What is being asked
Write the lines out again, from the top of the material to the line containing "This is the left", pictures excluded.

Stored data Start Marker

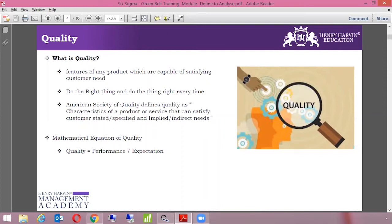Another definition of quality comes from the American Society of Quality, also known as ASQ — the world's number one organization for quality. They define quality as the characteristics of a product or service that can satisfy a customer's stated, specified, and implied needs. This means quality is achieved only when we satisfy both the stated and unstated needs — things the customer hasn't even explicitly mentioned.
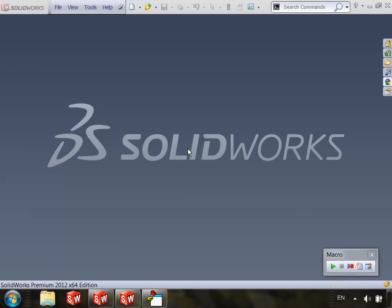This is Keith with cadsharp.com and in this short video I want to demonstrate how to make your VBA macros compatible with the new 64-bit version of VBA called VBA7. This is the version of VBA found in SOLIDWORKS 2013 and subsequent versions.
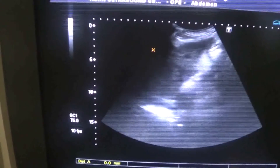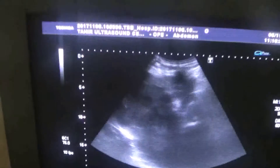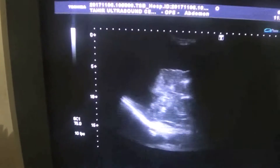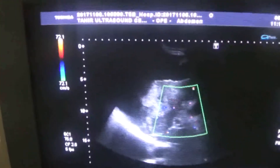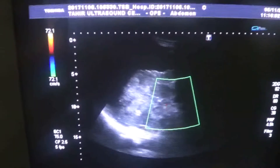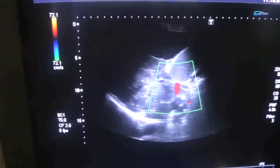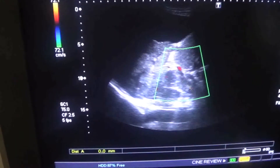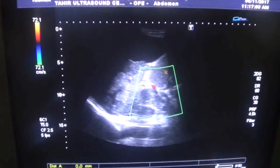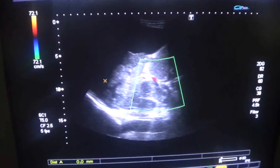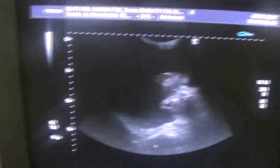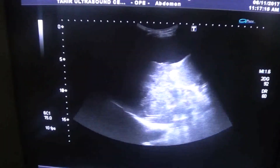This is the left lobe in longitudinal section. This is the thrombosed portal vein — dilated and thrombosed — gallbladder full of ascites, and this is the shrunken liver. The liver is shrunken with HCC and with metastatic lesions.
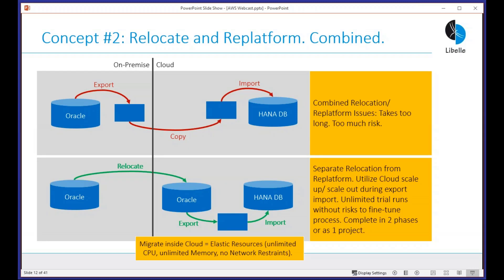A common scenario: customers are on-premise on Oracle and want to go to HANA DB on AWS. To migrate heterogeneously, you need to export, copy, and import. What we always prefer is to relocate first, then re-platform. We just did a project where we migrated DB2 Linux to AWS HANA — we relocated the Linux systems into AWS first, then exported over the weekend and re-imported into HANA DB. Two projects: relocate then re-platform.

Stored data End Marker

Response area
Another definition of quality comes from the American Society of Quality, also known as ASQ — the world's number one organization for quality. They define quality as the characteristics of a product or service that can satisfy a customer's stated, specified, and implied needs. This means quality is achieved only when we satisfy both the stated and unstated needs — things the customer hasn't even explicitly mentioned.
This is Keith with cadsharp.com and in this short video I want to demonstrate how to make your VBA macros compatible with the new 64-bit version of VBA called VBA7. This is the version of VBA found in SOLIDWORKS 2013 and subsequent versions.
This is the left lobe in longitudinal section. This is the thrombosed portal vein — dilated and thrombosed — gallbladder full of ascites, and this is the shrunken liver. The liver is shrunken with HCC and with metastatic lesions.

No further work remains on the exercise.